Ja, die grenscontroles waren lastig. Elke keer in de file, nerveus wachtend, met de officiële toestemming en het bewijs van een coronatest op schoot. Opgelucht als de politie van België of Oostenrijk ons 'ongevaarlijk' vond. Dan konden we aan het werk.
Toch beviel het ons eigenlijk wel, deze corona-roadtrip. Die urenlange autoritten, het langzaam veranderende landschap. Onderweg luisterend naar de lokale radio met de koffiekan voorin.
Maar nu: de vraag of we kunnen werken in Stockholm. Twee reportages, 1600 kilometer verderop. We moeten vliegen. Voor het eerst zie ik ertegenop een vliegtuig in te stappen. Niet echt handig voor een Europa-correspondent.
Even slikken
Hoe groot is de kans op coronabesmetting in een vliegtuig? We verdiepen ons in de aerosolen, de rondzwevende minideeltjes. Volgens wetenschappers wordt de lucht in een vliegtuig elke drie minuten ververst.
Helemaal gerust zijn we er niet op. We slikken even en kopen toch tickets.
Het is zondagochtend acht uur. Mondkapjes hebben we al op. Na onze reis door Duitsland en Italië voelt dat bijna vertrouwd. We hadden een leeg vliegveld verwacht, maar op Schiphol is slechts één hal open en daar zijn de rollende koffers weer terug. Passagiers lopen chaotisch om ons heen, haastig zoekend naar hun incheckbalie. Het coronavirus lijkt ver weg.
Waar blijft die verse lucht?
Eenmaal bij de gate staat een grote groep wachtende passagiers. Mensen zoeken naar ruimte, naar afstand, maar die is er niet. Iedereen heeft gezichtsbedekking, dat wel.
Wij kijken elkaar aan: dit wordt geen halfvol vliegtuig met lege stoelen. En inderdaad is in het toestel de anderhalve meter snel vergeten. "Try to avoid personal contact", klinkt het opgewekt door de intercom. Ik zit aan het gangpad. Op mijn stoel een kartonnen bakje met water, een boterham met kaas en een koekje.

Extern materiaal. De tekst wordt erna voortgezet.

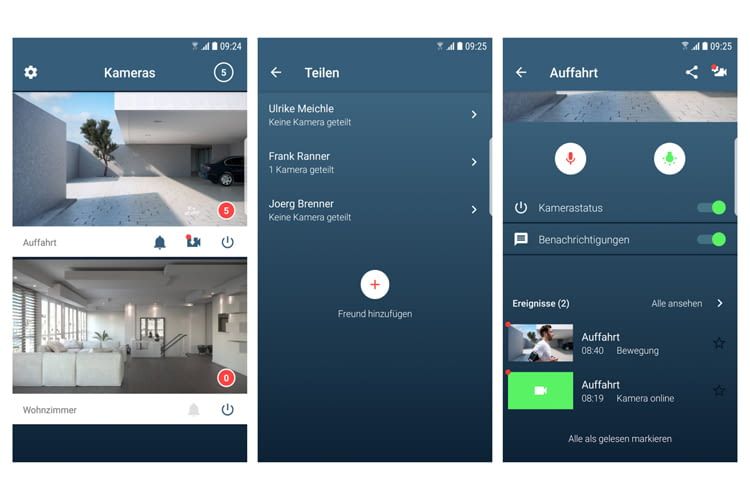Mit der Bosch Smart Home App, lassen sich alle vernetzten Kameras im Überblick anzeigen Mit der Bosch Smart Home App, lassen sich alle vernetzten Kameras im Überblick anzeigen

Boven mijn hoofd worstelt een man met een te grote koffer. Een lange rij wat angstige mensen schuifelt naar voren. Tussen hen in staat een verhitte purser. Weet hij dat zijn mondkapje half over zijn neus hangt? Ik tuur omhoog. De kleine ventilatoren staan uit. Waar blijft die beloofde verse lucht?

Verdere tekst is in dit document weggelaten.